Militärpolitische Themen, die im Vorfeld des NATO-Gipfels diskutiert wurden: - Lettland überlegt, eigene Kampfflugzeuge anzuschaffen (nachdem bisher die Luftüberwachung durch verschiedene andere NATO-Einheiten abwechselnd gesichert wurde). Das Flugfeld in Lielvarde soll dafür ausgebaut werden, Kosten vorerst: 1,3 Mill. Euro. - "NATO will mehrere Kriege gleichzeitig führen können" - das schrieb im Juni 2006 der SPIEGEL. Sichergestellt werden soll das durch eine "NATO-Eingreiftruppe", so das Hamburger Nachrichtenblatt unter Berufung auf REUTERS. 185 Millionen Euro sollen in die Entwicklung neuer luftgestützter NATO-Überwachungssysteme gesteckt werden. Auf 3,3 Milliarden Euro werden dann die entsprechenden Beschaffungskosten geschätzt (SPIEGEL, DIE WELT). - Georgien strebt die NATO-Mitgliedschaft an. Das erklärte Premier Surab Nogaideli schon Ende August in einem Interview mit der Berliner Zeitung. Noch bevor die Konflikte mit Russland (Spionage-Verdächtigungen, Diplomaten-Ausweisungen, Zufahrts-Blockaden) so richtig losgingen. In Kürze schon soll eine neue Pipeline Gas über Georgien in die Türkei und nach Europa bringen - auch dies wird den Energie-Oligarchen in Russland wohl weniger gefallen. - Dazu passt auch die Meldung, dass sich Lettland einer Gruppe "Freunde Georgiens" zugehörig fühlt, zu der Bulgarien, Tschechien, Estland, Litauen, Rumänien und Polen gezählt werden. - Gemeinsame Minensuche in der Ostsee. Die entsprechenden Einheiten präsentierten sich u.a. während der Kieler Woche. - Lettland möchte Fragen der Energiesicherheit auch im NATO-Rahmen diskutieren. Dies gaben der lettische Botschafter bei der NATO, Janis Eichmanis, und EU-Energiekommissar Piebalgs kürzlich gemeinsam bekannt. - NATO-Einsatz in Afghanistan soll neu überdacht werden.

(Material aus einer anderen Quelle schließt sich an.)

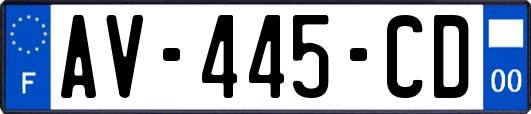 AV-445-CD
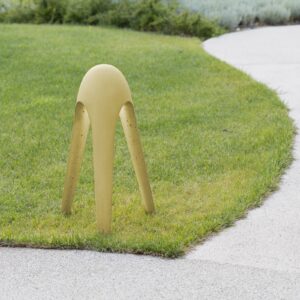 Svítidlo Martinelli Luce okrový-žlutý beton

Dazu passen auch Überlegungen des NATO-Generalsekretärs Jaap de Hoop Scheffel, die er am in einem Interview mit der Berliner Umschau äusserte. - Die Ukraine als Kandidat für den NATO-Beitritt. Ob diese Perspektive der Ukraine schon in Riga eröffnet werden wird, ist laut Tomas Valasek, slowakischer Sicherheitsexperte des CDI (Center for Defence Information) in Brüssel, noch offen. Wichtig sei die Devise der "offenen Tür für alle". - Lettland möchte sich auch an einer militärischen Einsatzkräften der EU beteiligen. Eine entsprechende Willenserklärung unterzeichnete die lettische Regierung am 6.November, so LETA am gleichen Tage. Webseite mit Infos zum NATO-Gipfel Riga: www.rigasummit.lv Offizielle NATO-Seite zum Riga Summit: www.nato.int
1 Kommentar:
Ja, so viele Punkte zu berücksichtigen. Mein Gefühl: Die Deutschen werden rangenommen, womöglich auch von den Esten und werden aufgefordert, uns mehr in Afghanistan einzubringen.

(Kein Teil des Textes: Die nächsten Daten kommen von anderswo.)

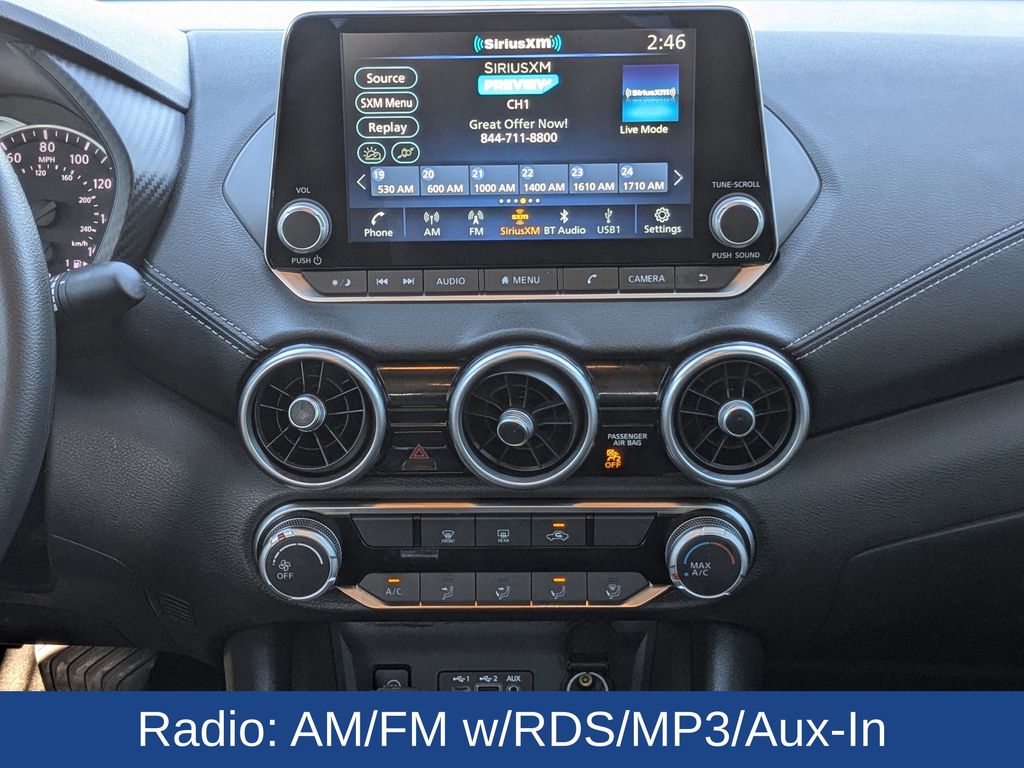 2024 Nissan Sentra SV Xtronic CVT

'Julianne Smith, a senior fellow with the Center for Strategic and International Studies, advised keeping an eye on the tension in Riga between countries, like Germany, that are keeping their troops in the safer Afghan north, and others - "the Dutch, the Brits and the Canadians, doing the heavy lifting in the south, handling all the high-intensity missions and taking the casualties. They're very bitter that all the other NATO nations are in these cozy missions in the north."' Zitat aus IHT. Ob die Nato weitere Kampfeinsätze machen will, da müssen sie wohl erstmal die Aufgaben neu verteilen, unabghängig ob man Kampfeinsätze unterstützt oder dagegen ist. Ohne die Deutschen einzubinden, unwahrscheinlich. Wir können machen, was wir wollen, es wird ungemütlich für uns. Egal welche Seite wir wählen, pro oder contra Kriegseinsätze.